COLLINGWOOD coach Mick Malthouse says history has taught the Magpies they must not underestimate the wounded Western Bulldogs when they meet in the first qualifying final next weekend.

The Bulldogs have limped into the finals having lost Adam Cooney (hamstring) and Dale Morris (back) for the season and Brad Johnson (achilles), Shaun Higgins (thyroid/calf) and Easton Wood (hamstring) for at least the first final.

They have since fallen in premiership betting and have been labelled the most unlikely side from the top four to win the flag.

But Malthouse says the Magpies’ 2002 finals experience when they defeated Port Adelaide in a qualifying final away from home despite injuries and poor form defining their August has provided a valuable example of why outside opinion should be ignored.

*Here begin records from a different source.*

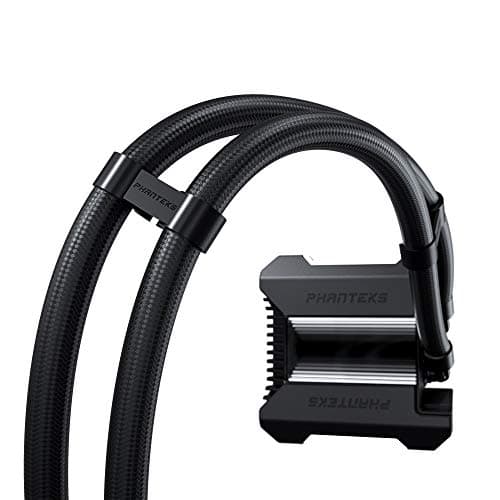 Phanteks Glacier One 280MPH 93.05 CFM Water 280mm 93.05 CFM Black image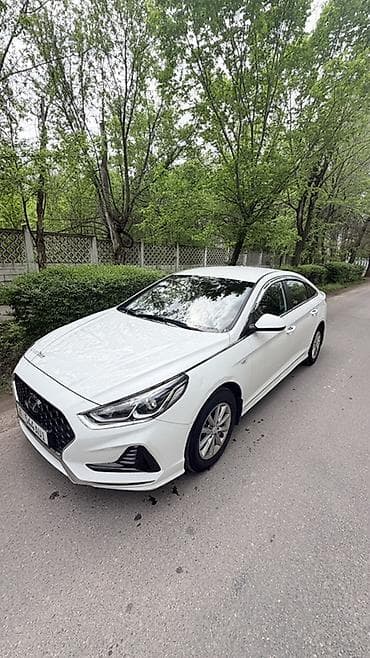 lada largus: Hyundai Sonata: 2019 г., Автомат, Бензин, Седан — 2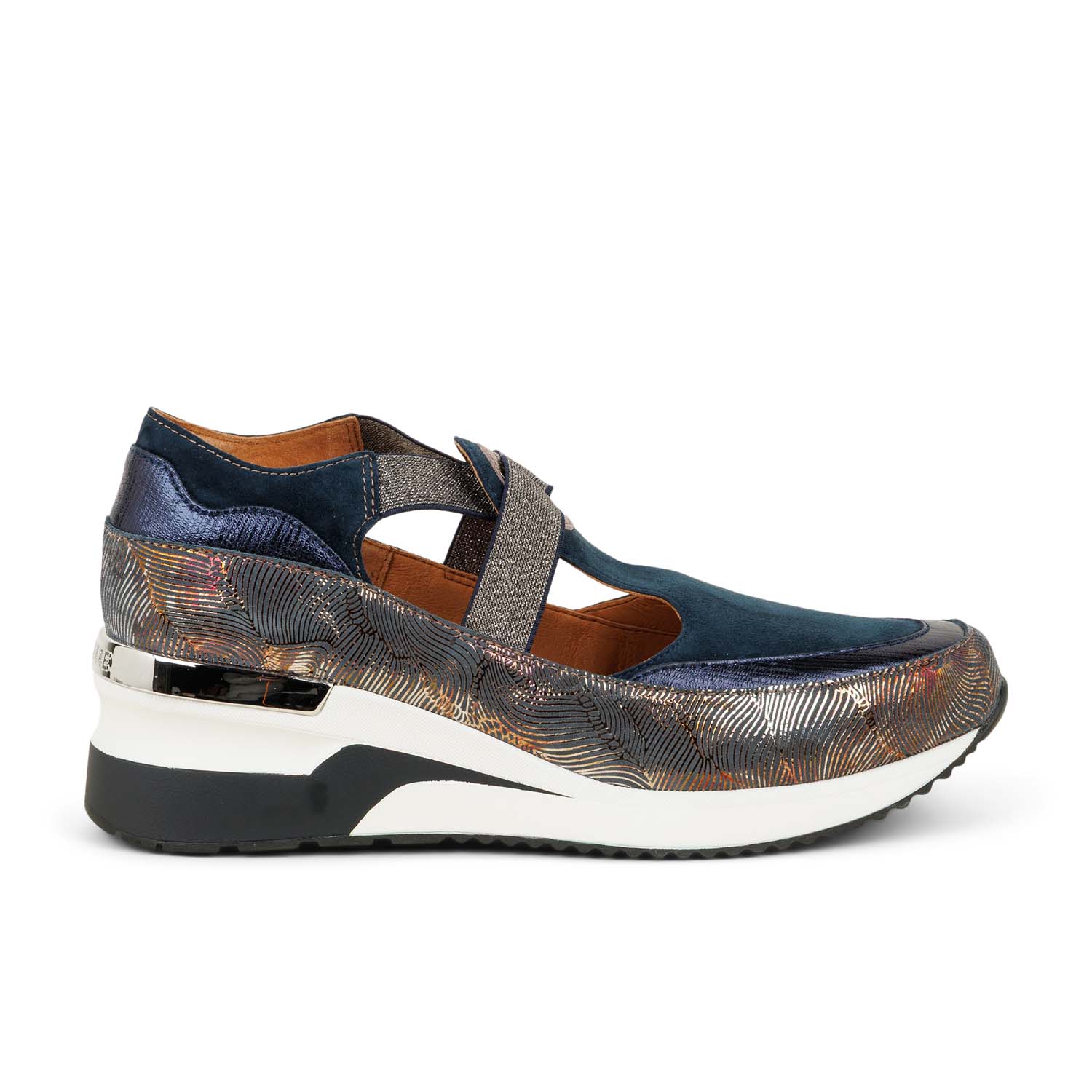 Baskets Femme MAM'ZELLE VOTO Bleu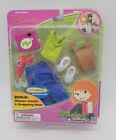 Disney Kim Possible Mode Puppe Club Banane Zubehör Kit Outfit 50021 OFFENES PKG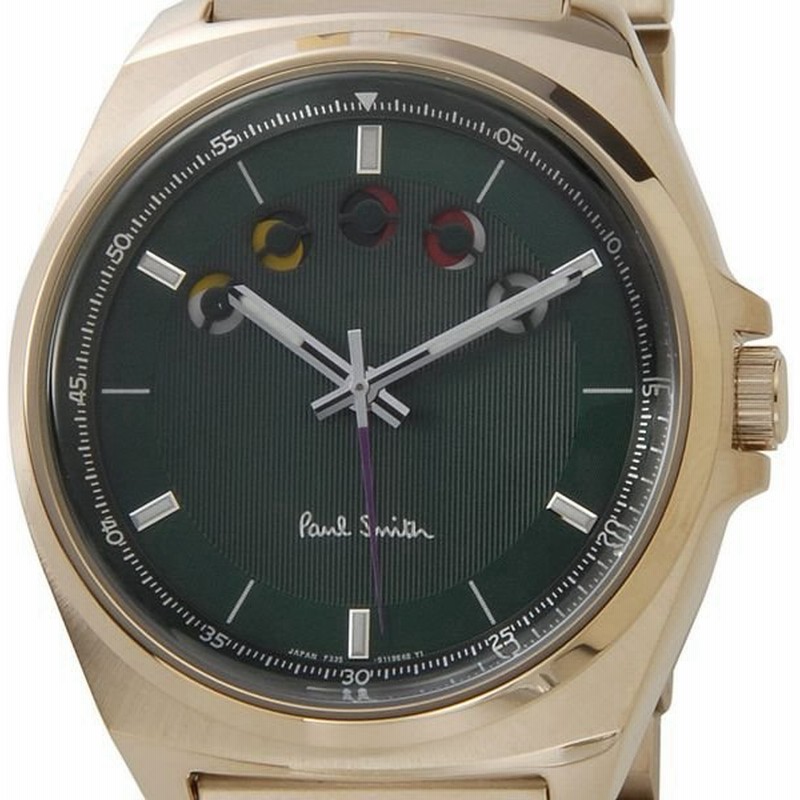 Paul Smith ポールスミス 時計 Bm5 0 41 New Five Eyes Horizontal メンズ 腕時計 信頼の日本製 ブティックモデル 通販 Lineポイント最大0 5 Get Lineショッピング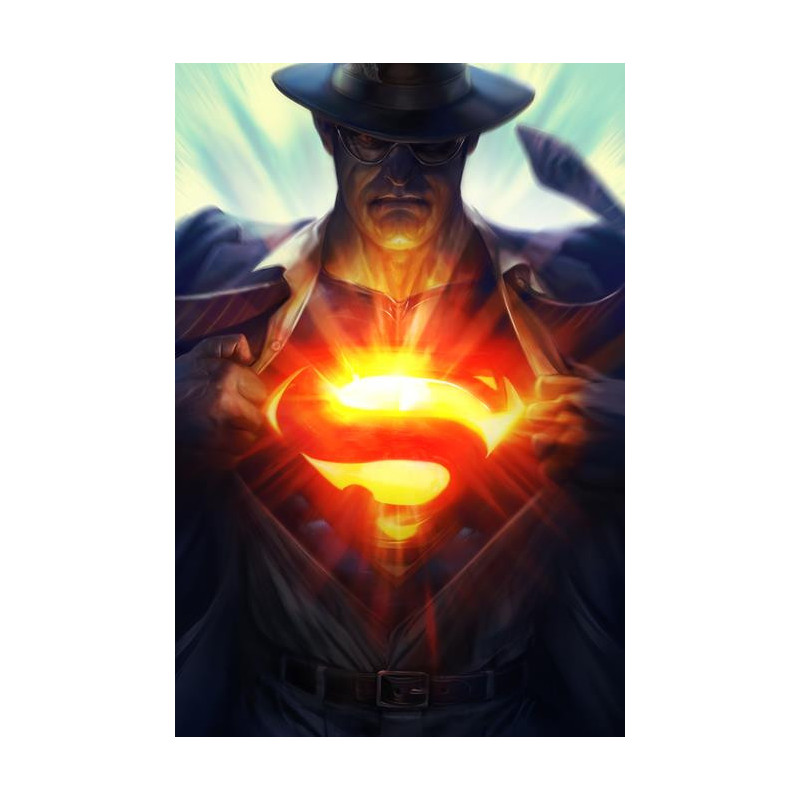 SUPERMAN  3 CVR C FRANCESCO MATTINA CARD STOCK VAR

“We were written off in 2002. It was a great lesson,” he said, after the Magpies’ three-point loss to Hawthorn in round 22.

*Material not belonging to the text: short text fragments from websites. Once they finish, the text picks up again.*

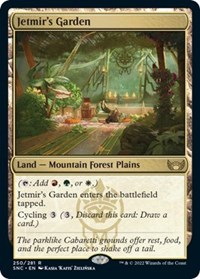 Jetmir's Garden, Streets of New Capenna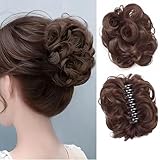 XUZOO お団子ウィッグ ヘアクリップ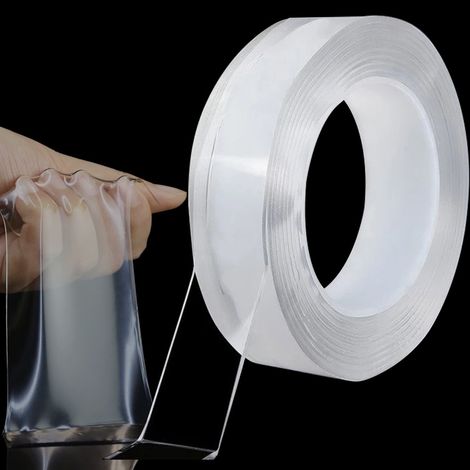 Tira de sellado transparente para baño, autoadhesiva, impermeable, para cocina, baño, bañera, inodoro, ducha, lavabo (50 mm x 3 m)
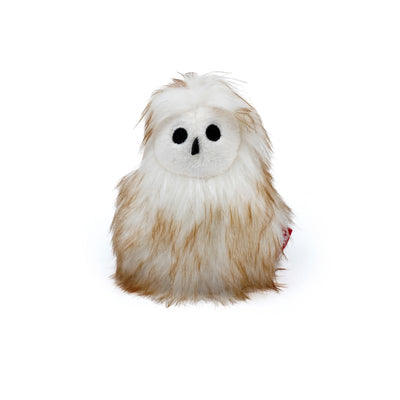Spike! Kawaii Barn Owl Plush Dog Toy
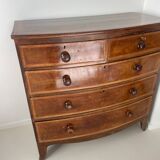 Commode anglaise 19eme siècle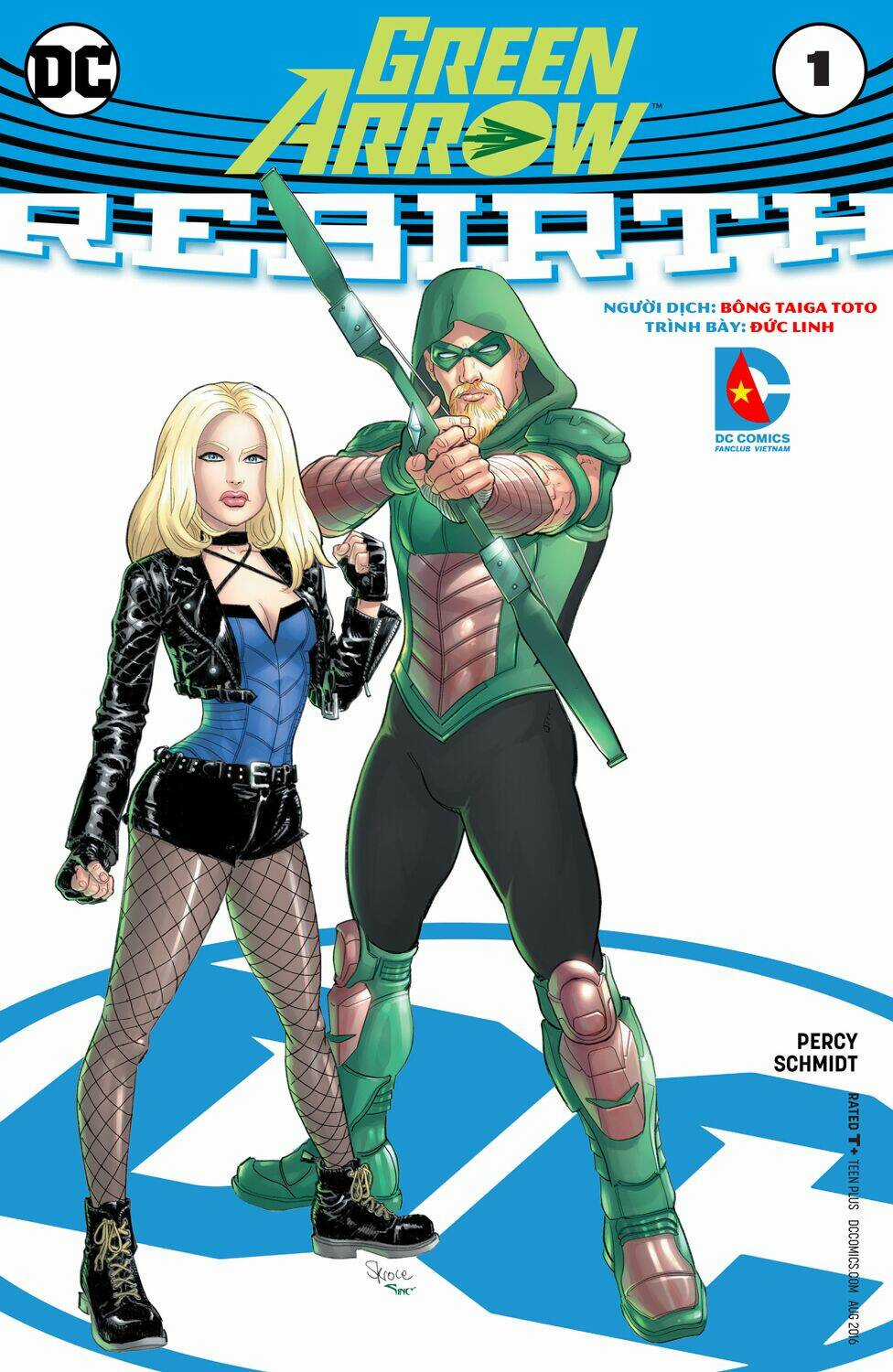 Dc Universe - Rebirth - Chapter 5 - Trang 2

“We’re not going on someone else’s misfortune or fortune. It is something we are ever mindful of and today and last week gives us a very good indicator we cannot afford to be listening.

“Certainly the boys haven’t, I know they’ve been talking about in the last half hour about that very thing, that this is a game, a final.

“It’s not who’s sitting in the grandstands; it’s who’s playing for the club and they’re a very, very good football side.”

The Magpies went on to play in the first of two straight grand finals against the Brisbane Lions that year.

Despite losing to the Hawks on Saturday and ending a nine-game winning streak, Malthouse says the Pies are well-placed heading into their fifth-straight finals series.

“We’ve got a reasonably healthy list and that’s an advantage,” he said. “We’re not going to be the first or last side to head the ladder and lose the last game. I know it happened [before] one of the premierships we won at West Coast.

“Is it ideal? I don’t know. Is it poor? No. Is it panic stations? Absolutely not. Do we change the side? We see who’s available.

“Our VFL side got beaten today so we’re down to what we see and we’ll train up the list we think is the list that will take us forward.

“We’ve got a minimum of two finals and that’s what we’re looking forward to.”

The only injury concern the Magpies had on Saturday was Darren Jolly, who left the field with a broken and bleeding nose after a collision with Hawthorn’s Ben Stratton in the final quarter.

Ben Johnson was a late withdrawal with illness and was replaced by Leon Davis, who had 12 touches and kicked two goals.